DATA TO USE:

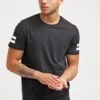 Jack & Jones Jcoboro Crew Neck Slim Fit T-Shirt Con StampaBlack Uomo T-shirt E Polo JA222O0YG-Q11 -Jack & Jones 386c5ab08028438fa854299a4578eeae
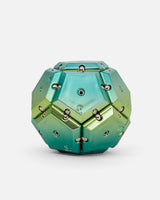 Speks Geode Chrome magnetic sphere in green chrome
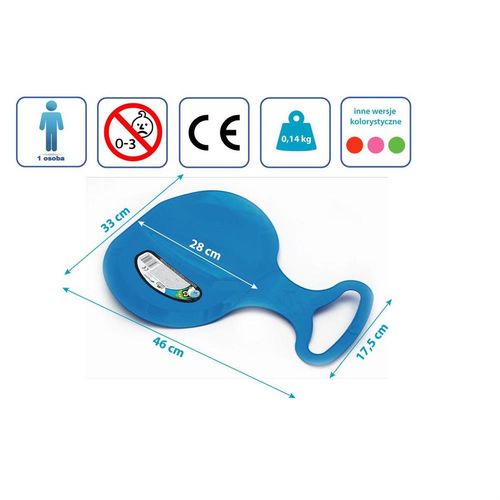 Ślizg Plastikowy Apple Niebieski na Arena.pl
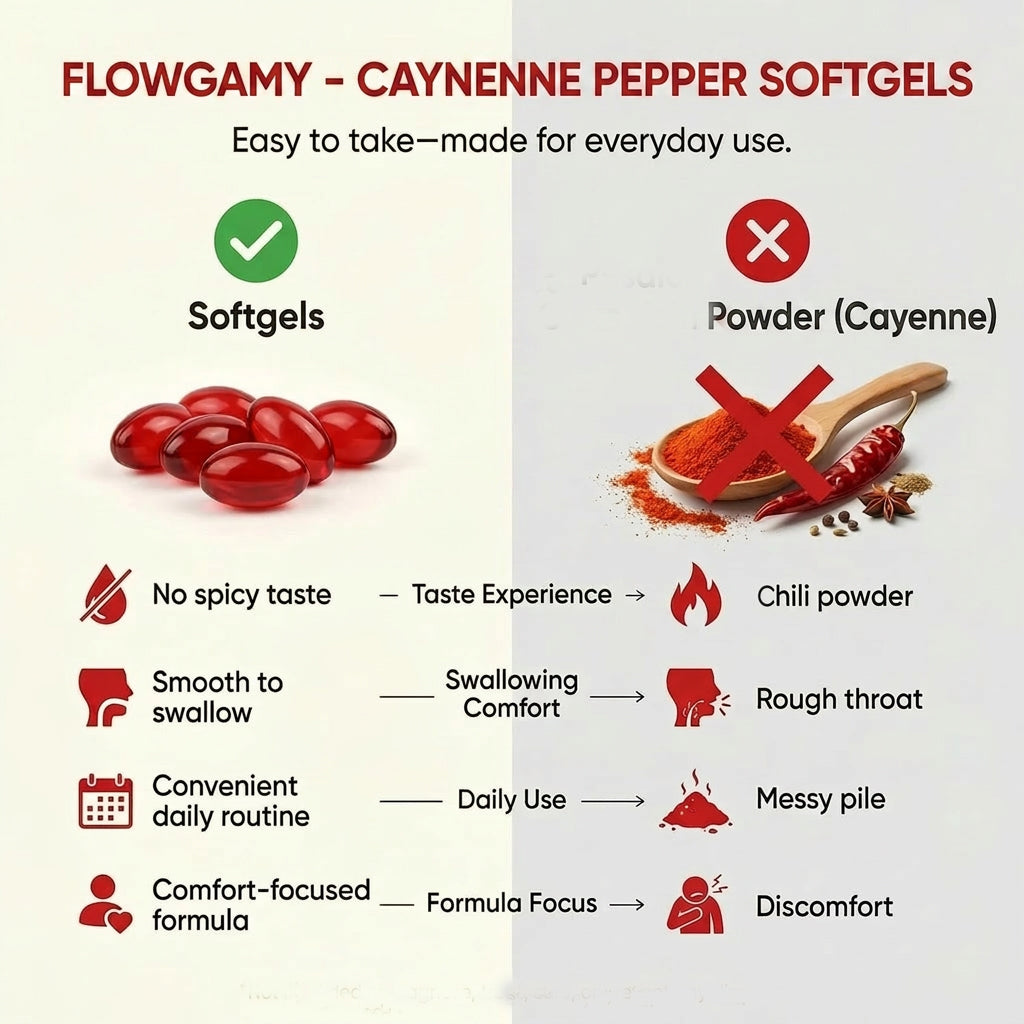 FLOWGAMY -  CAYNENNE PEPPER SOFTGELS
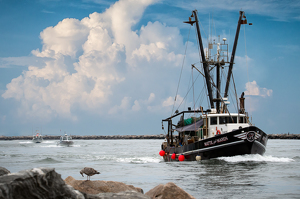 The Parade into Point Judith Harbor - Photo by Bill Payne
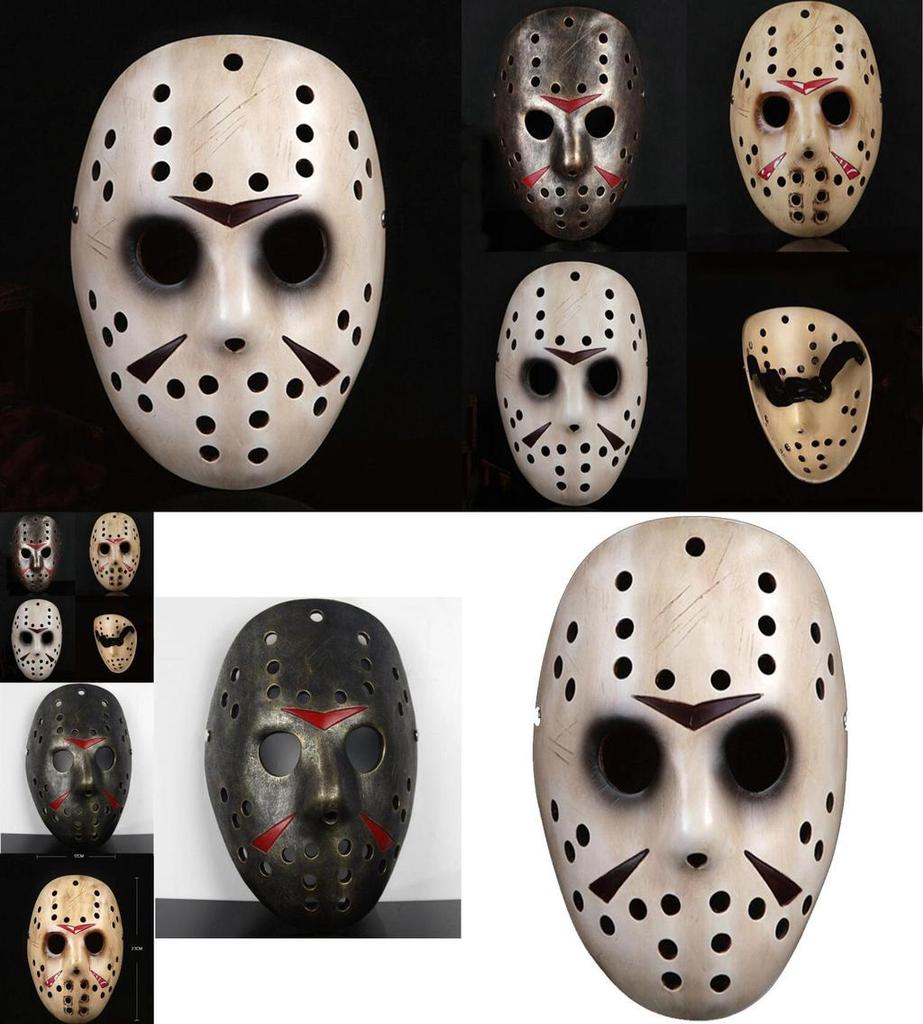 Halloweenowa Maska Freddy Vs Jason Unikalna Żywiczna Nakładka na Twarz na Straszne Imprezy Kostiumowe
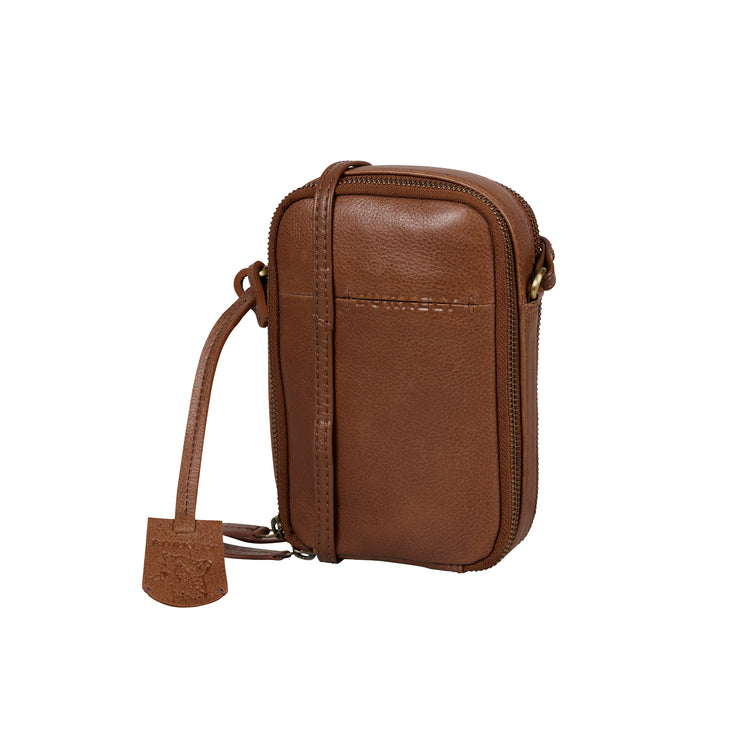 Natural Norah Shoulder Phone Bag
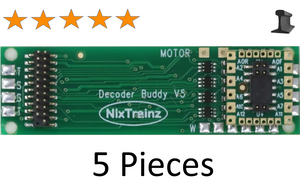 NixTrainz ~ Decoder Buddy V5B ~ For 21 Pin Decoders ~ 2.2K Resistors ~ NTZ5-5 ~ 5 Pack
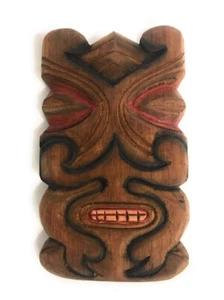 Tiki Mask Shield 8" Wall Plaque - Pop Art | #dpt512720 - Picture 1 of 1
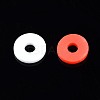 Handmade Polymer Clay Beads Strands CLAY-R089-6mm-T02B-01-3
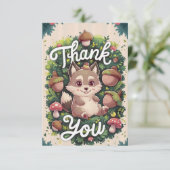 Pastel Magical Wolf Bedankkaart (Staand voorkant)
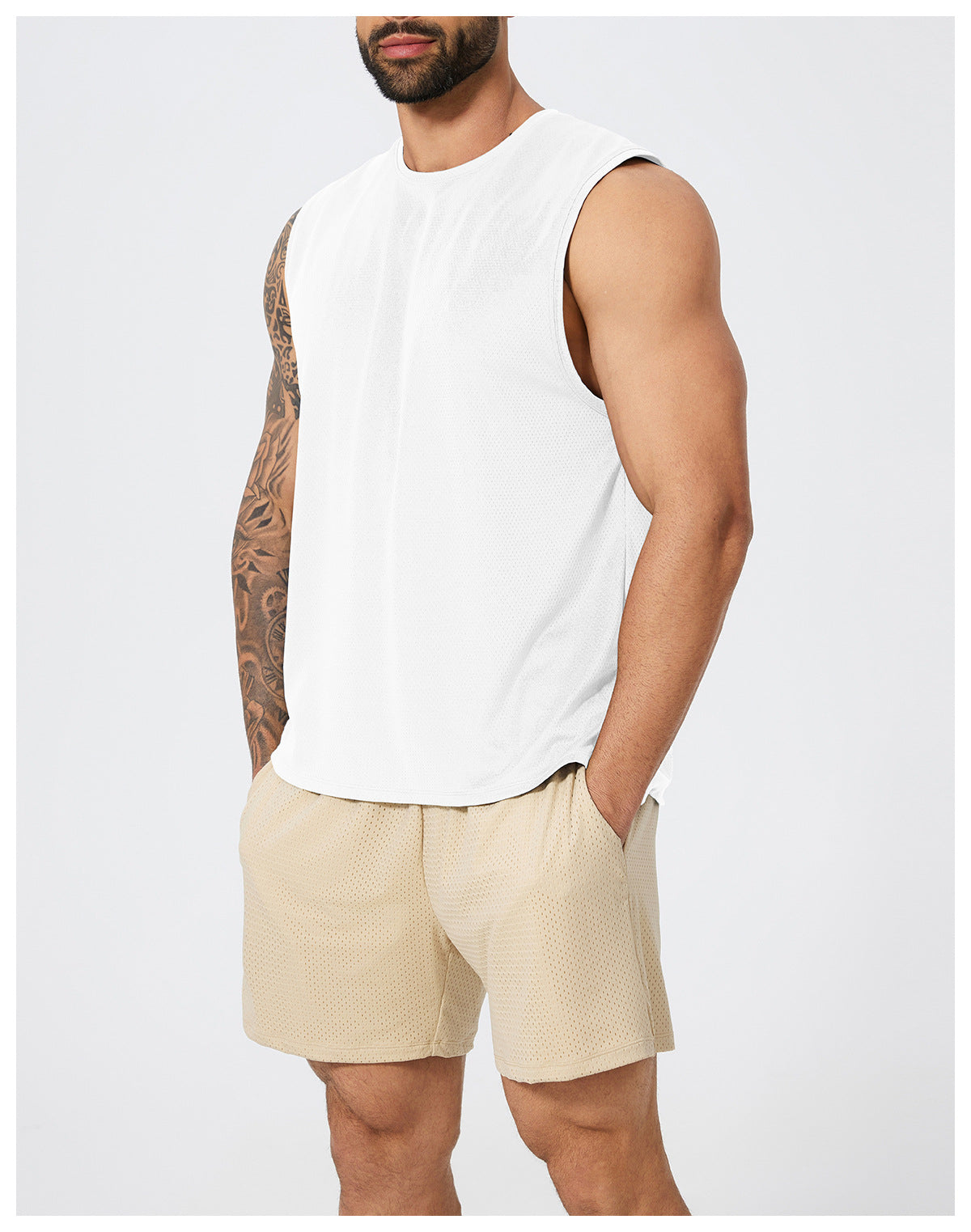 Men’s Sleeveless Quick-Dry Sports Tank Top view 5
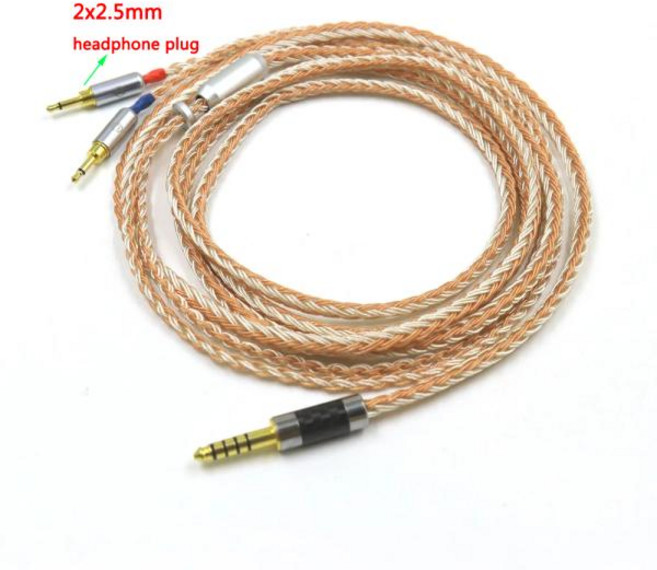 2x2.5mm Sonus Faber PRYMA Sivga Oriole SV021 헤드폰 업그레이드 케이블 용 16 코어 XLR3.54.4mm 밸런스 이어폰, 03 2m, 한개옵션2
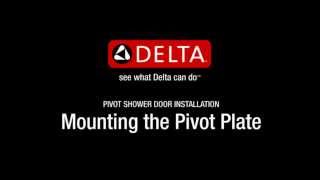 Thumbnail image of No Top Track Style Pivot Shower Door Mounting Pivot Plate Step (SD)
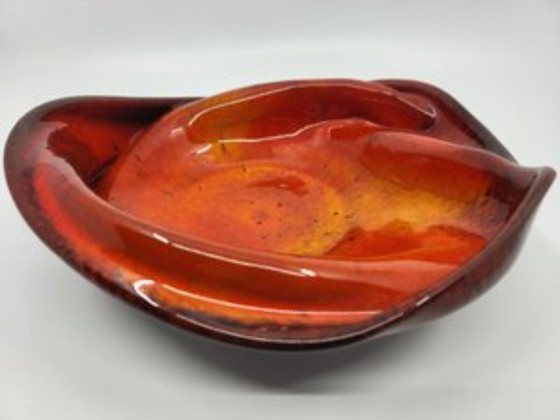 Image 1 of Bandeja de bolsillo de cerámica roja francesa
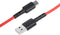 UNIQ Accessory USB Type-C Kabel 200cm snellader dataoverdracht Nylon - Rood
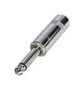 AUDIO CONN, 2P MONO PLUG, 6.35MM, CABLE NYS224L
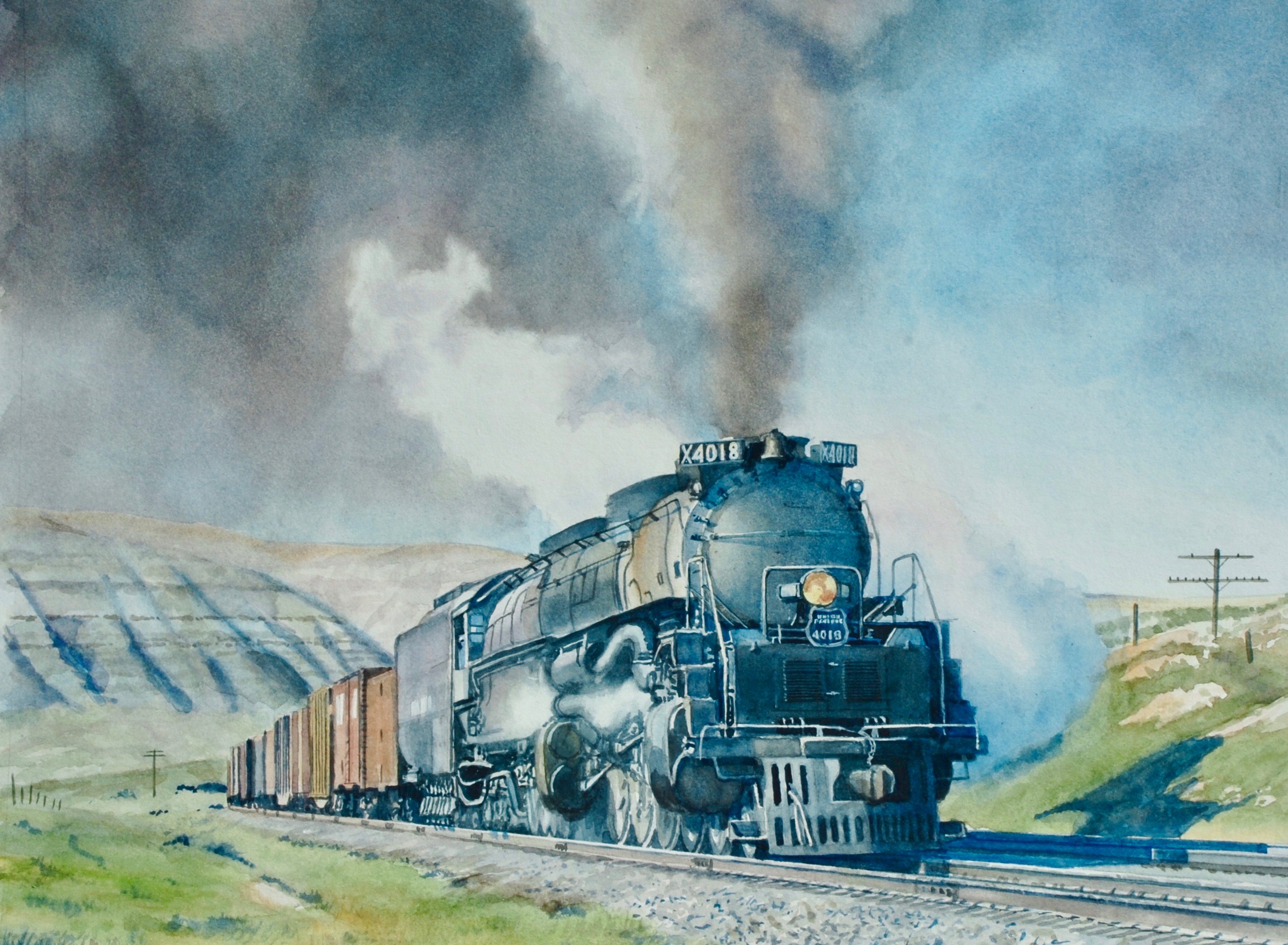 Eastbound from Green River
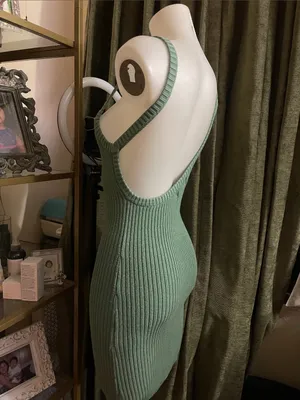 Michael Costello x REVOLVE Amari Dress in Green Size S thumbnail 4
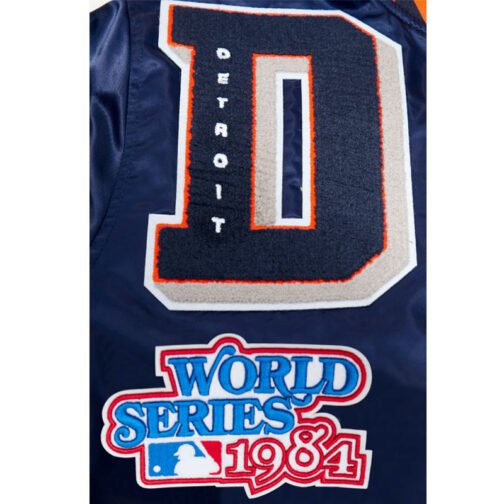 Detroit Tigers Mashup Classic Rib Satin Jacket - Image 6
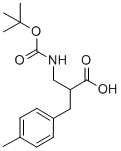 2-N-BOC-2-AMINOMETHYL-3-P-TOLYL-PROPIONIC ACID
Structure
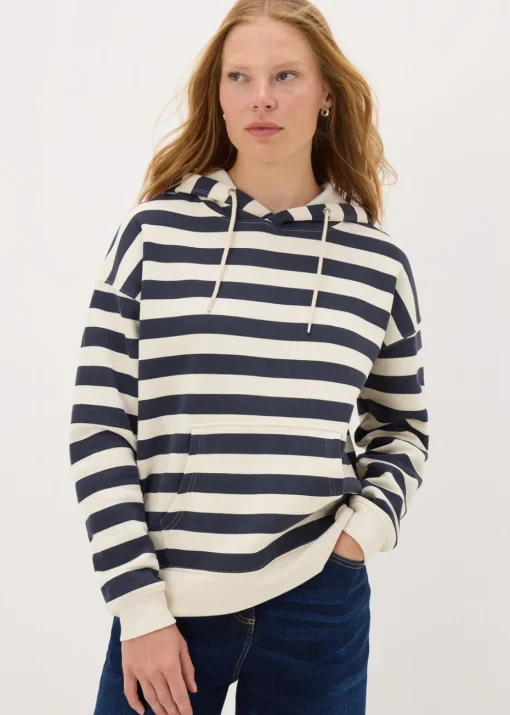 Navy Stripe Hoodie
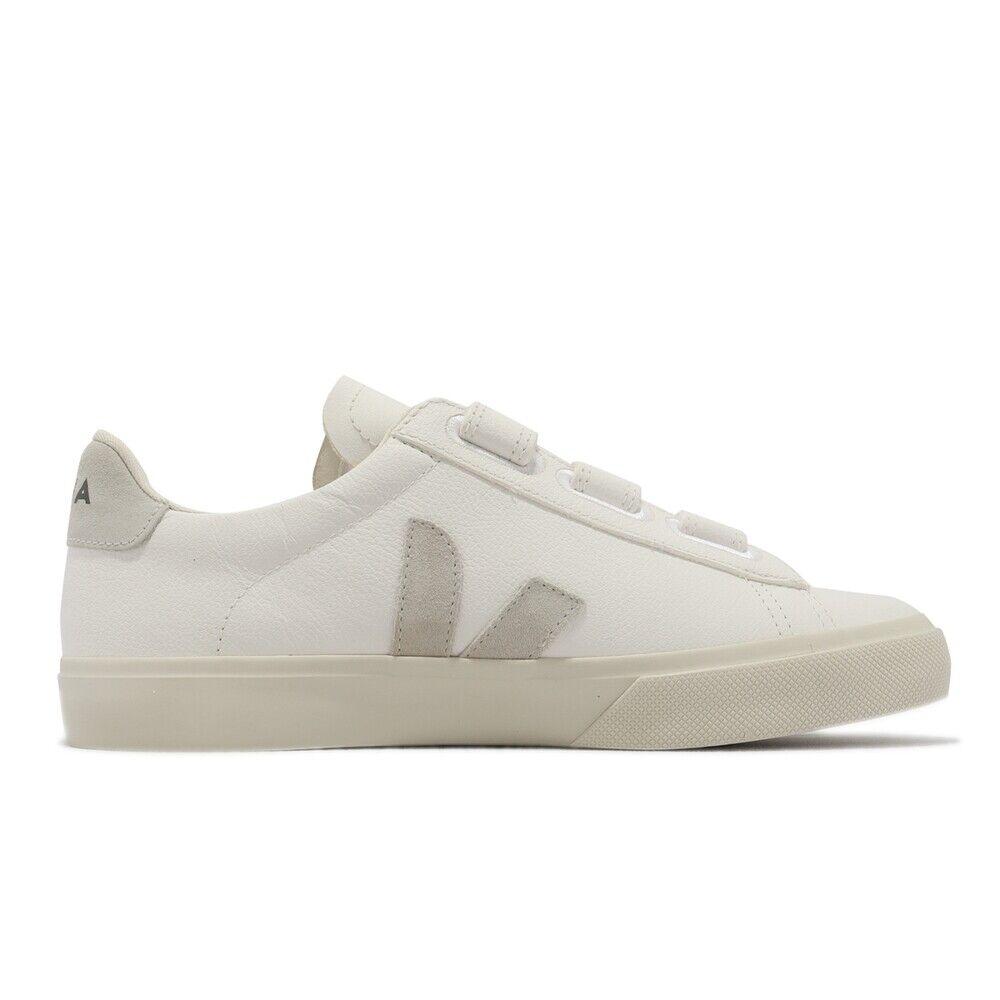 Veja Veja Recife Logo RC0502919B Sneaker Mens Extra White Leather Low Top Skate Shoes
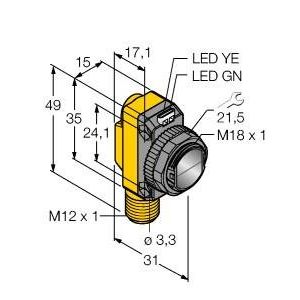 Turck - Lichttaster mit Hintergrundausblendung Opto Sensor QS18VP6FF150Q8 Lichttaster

AIM OF THE TASK: Exact copy, pictures excluded: repeat the lines from the top of the material through the line with "Natural Norah Shoulder Phone Bag".

TASK SOLUTION:
 Jack & Jones Jcoboro Crew Neck Slim Fit T-Shirt Con StampaBlack Uomo T-shirt E Polo JA222O0YG-Q11 -Jack & Jones 386c5ab08028438fa854299a4578eeae
 Speks Geode Chrome magnetic sphere in green chrome
 Ślizg Plastikowy Apple Niebieski na Arena.pl
 FLOWGAMY -  CAYNENNE PEPPER SOFTGELS
 The Parade into Point Judith Harbor - Photo by Bill Payne
 Halloweenowa Maska Freddy Vs Jason Unikalna Żywiczna Nakładka na Twarz na Straszne Imprezy Kostiumowe
 Natural Norah Shoulder Phone Bag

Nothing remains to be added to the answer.